#### Extracted records:
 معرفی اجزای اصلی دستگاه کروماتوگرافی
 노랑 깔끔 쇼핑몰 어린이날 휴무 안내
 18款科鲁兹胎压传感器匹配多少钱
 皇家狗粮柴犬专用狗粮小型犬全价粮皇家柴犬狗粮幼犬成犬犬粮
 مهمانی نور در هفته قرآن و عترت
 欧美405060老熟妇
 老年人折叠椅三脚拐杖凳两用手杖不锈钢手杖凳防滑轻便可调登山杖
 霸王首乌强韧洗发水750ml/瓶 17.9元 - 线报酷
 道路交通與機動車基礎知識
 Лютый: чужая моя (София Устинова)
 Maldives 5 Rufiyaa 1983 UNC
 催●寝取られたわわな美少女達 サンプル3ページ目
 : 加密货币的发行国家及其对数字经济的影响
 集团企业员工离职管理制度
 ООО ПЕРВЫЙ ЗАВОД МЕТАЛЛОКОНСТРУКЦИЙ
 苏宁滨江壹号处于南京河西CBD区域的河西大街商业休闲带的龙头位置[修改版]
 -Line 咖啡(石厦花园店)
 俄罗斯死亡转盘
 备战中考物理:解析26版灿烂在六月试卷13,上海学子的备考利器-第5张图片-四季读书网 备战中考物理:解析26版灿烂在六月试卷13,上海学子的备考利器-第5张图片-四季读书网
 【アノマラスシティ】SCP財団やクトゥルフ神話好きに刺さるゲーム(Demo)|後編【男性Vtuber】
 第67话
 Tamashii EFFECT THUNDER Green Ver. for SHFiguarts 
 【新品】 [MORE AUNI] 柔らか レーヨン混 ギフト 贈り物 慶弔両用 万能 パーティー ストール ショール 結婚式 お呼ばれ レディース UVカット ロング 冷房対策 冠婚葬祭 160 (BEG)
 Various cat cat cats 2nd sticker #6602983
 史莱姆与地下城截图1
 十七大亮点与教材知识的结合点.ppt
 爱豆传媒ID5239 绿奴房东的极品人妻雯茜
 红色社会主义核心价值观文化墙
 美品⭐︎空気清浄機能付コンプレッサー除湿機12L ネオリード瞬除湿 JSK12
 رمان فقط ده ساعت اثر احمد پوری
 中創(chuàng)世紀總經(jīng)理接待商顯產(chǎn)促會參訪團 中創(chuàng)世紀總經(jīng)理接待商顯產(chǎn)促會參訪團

#### How to complete this task:
Your task is to restate every record word for word.

#### Response:
 معرفی اجزای اصلی دستگاه کروماتوگرافی
 노랑 깔끔 쇼핑몰 어린이날 휴무 안내
 18款科鲁兹胎压传感器匹配多少钱
 皇家狗粮柴犬专用狗粮小型犬全价粮皇家柴犬狗粮幼犬成犬犬粮
 مهمانی نور در هفته قرآن و عترت
 欧美405060老熟妇
 老年人折叠椅三脚拐杖凳两用手杖不锈钢手杖凳防滑轻便可调登山杖
 霸王首乌强韧洗发水750ml/瓶 17.9元 - 线报酷
 道路交通與機動車基礎知識
 Лютый: чужая моя (София Устинова)
 Maldives 5 Rufiyaa 1983 UNC
 催●寝取られたわわな美少女達 サンプル3ページ目
 : 加密货币的发行国家及其对数字经济的影响
 集团企业员工离职管理制度
 ООО ПЕРВЫЙ ЗАВОД МЕТАЛЛОКОНСТРУКЦИЙ
 苏宁滨江壹号处于南京河西CBD区域的河西大街商业休闲带的龙头位置[修改版]
 -Line 咖啡(石厦花园店)
 俄罗斯死亡转盘
 备战中考物理:解析26版灿烂在六月试卷13,上海学子的备考利器-第5张图片-四季读书网 备战中考物理:解析26版灿烂在六月试卷13,上海学子的备考利器-第5张图片-四季读书网
 【アノマラスシティ】SCP財団やクトゥルフ神話好きに刺さるゲーム(Demo)|後編【男性Vtuber】
 第67话
 Tamashii EFFECT THUNDER Green Ver. for SHFiguarts 
 【新品】 [MORE AUNI] 柔らか レーヨン混 ギフト 贈り物 慶弔両用 万能 パーティー ストール ショール 結婚式 お呼ばれ レディース UVカット ロング 冷房対策 冠婚葬祭 160 (BEG)
 Various cat cat cats 2nd sticker #6602983
 史莱姆与地下城截图1
 十七大亮点与教材知识的结合点.ppt
 爱豆传媒ID5239 绿奴房东的极品人妻雯茜
 红色社会主义核心价值观文化墙
 美品⭐︎空気清浄機能付コンプレッサー除湿機12L ネオリード瞬除湿 JSK12
 رمان فقط ده ساعت اثر احمد پوری
 中創(chuàng)世紀總經(jīng)理接待商顯產(chǎn)促會參訪團 中創(chuàng)世紀總經(jīng)理接待商顯產(chǎn)促會參訪團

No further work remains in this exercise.